When we first looked at the report of the bigfoot genome, it was an odd mixture of things: standard methods and reasonable looking data thrown in with unusual approaches and data that should have raised warning flags for any biologist. We just couldn't figure out the logic of why certain things were done or the reasoning behind some of the conclusions the authors reached. So, we spent some time working with the reported genome sequences themselves and talked with the woman who helped put the analysis together, Dr. Melba Ketchum. While it didn't answer all of our questions, it gave us a clearer picture of how the work came to be.
The biggest clarification made was what the team behind the results considered their scientific reasoning, which makes sense of how they ran past warning signs that they were badly off track. It provided an indication of what motivated them to push the results into a publication that they knew would cause them grief.
Melba Ketchum and the bigfoot genome
The public face of the bigfoot genome has been Melba Ketchum, a Texas-based forensic scientist.
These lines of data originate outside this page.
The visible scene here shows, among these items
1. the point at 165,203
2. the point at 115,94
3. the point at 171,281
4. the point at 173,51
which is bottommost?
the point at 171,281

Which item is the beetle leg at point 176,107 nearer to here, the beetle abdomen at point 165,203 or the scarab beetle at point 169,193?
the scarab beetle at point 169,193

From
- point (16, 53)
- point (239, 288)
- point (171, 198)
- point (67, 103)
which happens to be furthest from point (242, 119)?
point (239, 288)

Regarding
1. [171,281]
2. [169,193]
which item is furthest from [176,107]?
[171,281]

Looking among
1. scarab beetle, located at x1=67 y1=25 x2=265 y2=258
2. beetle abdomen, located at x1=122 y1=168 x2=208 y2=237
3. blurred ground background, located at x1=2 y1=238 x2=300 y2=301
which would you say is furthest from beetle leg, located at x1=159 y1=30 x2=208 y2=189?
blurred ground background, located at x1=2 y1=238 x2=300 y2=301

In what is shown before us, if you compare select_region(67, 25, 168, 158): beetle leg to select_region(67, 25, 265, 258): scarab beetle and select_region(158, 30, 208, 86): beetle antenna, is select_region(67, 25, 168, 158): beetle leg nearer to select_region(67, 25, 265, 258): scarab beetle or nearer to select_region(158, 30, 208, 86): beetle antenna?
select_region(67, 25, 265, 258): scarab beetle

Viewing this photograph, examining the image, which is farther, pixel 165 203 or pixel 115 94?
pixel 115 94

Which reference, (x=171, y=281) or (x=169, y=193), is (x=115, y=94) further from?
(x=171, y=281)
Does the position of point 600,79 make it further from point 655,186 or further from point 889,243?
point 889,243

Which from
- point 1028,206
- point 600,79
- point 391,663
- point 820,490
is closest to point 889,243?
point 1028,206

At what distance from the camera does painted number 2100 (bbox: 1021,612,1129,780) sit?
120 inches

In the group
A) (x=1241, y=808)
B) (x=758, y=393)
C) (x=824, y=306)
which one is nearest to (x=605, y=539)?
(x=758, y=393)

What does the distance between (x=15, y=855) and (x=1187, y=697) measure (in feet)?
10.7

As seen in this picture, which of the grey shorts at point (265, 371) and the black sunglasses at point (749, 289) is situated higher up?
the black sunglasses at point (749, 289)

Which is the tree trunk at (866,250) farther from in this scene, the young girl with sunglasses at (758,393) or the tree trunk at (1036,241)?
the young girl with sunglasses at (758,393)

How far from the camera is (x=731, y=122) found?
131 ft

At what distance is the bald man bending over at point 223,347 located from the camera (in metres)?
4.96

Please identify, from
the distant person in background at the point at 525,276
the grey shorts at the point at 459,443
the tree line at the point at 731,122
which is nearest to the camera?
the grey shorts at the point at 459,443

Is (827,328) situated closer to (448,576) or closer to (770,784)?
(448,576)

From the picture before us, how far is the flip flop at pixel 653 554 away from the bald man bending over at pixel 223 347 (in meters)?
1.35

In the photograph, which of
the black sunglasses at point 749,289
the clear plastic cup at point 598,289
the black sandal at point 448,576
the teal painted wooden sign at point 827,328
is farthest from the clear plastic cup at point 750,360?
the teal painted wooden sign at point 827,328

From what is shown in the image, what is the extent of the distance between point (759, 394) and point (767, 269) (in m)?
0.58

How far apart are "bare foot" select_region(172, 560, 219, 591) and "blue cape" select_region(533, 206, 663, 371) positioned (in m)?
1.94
It was Ketchum who first announced that a genome was in the works, and she was the lead author of the paper that eventually described it. That paper became the one and only publication of the online journal De Novo; it's still the only one to appear there.
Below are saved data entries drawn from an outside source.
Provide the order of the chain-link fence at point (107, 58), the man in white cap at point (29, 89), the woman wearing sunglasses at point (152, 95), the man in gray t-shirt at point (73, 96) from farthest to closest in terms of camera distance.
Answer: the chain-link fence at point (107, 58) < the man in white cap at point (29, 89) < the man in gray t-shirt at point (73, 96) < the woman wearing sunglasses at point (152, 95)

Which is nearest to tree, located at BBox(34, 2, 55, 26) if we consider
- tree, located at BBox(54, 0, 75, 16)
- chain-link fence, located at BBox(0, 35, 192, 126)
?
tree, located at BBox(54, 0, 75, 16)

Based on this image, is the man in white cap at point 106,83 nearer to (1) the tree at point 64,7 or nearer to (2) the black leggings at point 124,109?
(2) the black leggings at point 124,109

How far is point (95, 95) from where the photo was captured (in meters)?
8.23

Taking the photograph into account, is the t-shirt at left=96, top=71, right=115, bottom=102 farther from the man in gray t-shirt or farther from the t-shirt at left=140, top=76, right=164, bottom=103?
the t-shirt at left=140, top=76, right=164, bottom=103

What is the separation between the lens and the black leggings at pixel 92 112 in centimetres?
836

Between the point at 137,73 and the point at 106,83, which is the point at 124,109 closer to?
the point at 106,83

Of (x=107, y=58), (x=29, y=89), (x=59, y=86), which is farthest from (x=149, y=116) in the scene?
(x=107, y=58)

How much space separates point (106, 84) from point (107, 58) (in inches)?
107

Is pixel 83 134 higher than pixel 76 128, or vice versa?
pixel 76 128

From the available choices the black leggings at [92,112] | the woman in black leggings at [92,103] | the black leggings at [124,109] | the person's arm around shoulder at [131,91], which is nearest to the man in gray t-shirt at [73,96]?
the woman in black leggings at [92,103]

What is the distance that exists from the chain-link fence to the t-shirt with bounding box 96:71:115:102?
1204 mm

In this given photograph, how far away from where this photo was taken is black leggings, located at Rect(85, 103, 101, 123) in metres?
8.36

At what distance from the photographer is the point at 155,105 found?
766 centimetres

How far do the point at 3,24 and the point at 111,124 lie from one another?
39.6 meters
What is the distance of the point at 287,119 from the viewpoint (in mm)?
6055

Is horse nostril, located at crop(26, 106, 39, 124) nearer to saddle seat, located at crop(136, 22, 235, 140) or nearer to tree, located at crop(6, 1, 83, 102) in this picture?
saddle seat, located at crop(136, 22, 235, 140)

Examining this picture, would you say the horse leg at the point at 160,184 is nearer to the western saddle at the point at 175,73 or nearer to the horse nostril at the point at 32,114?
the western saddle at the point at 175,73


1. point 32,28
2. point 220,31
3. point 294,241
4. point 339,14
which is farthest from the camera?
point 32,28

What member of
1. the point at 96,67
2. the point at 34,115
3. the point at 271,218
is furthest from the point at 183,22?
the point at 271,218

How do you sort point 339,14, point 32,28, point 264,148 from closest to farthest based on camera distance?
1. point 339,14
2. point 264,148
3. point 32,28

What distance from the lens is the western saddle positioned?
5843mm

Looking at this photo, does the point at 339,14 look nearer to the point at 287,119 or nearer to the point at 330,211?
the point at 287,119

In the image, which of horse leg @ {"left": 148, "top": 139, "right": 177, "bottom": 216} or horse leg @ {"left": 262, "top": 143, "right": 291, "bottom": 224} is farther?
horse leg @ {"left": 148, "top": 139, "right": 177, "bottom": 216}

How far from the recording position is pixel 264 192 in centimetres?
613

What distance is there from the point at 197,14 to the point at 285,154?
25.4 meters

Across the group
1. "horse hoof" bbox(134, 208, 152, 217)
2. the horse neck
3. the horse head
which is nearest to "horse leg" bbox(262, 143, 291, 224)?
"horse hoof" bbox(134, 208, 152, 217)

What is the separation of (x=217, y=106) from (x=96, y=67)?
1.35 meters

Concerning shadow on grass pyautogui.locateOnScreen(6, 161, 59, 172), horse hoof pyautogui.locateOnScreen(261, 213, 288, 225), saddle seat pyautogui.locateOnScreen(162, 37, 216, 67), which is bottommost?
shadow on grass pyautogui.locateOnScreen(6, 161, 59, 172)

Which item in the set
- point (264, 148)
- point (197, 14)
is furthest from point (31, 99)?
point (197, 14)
The paper itself is an odd mix of things. There's a variety of fairly standard molecular techniques mixed in with a bit of folklore and a link to a YouTube video that reportedly shows a sleeping Sasquatch. In some ways, the conclusions of the paper are even odder than the video. They suggest that bigfeet aren't actually an unidentified species of ape as you might have assumed. Instead, the paper claims that bigfeet are hybrids, the product of humans interbreeding with a still unknown species of hominin.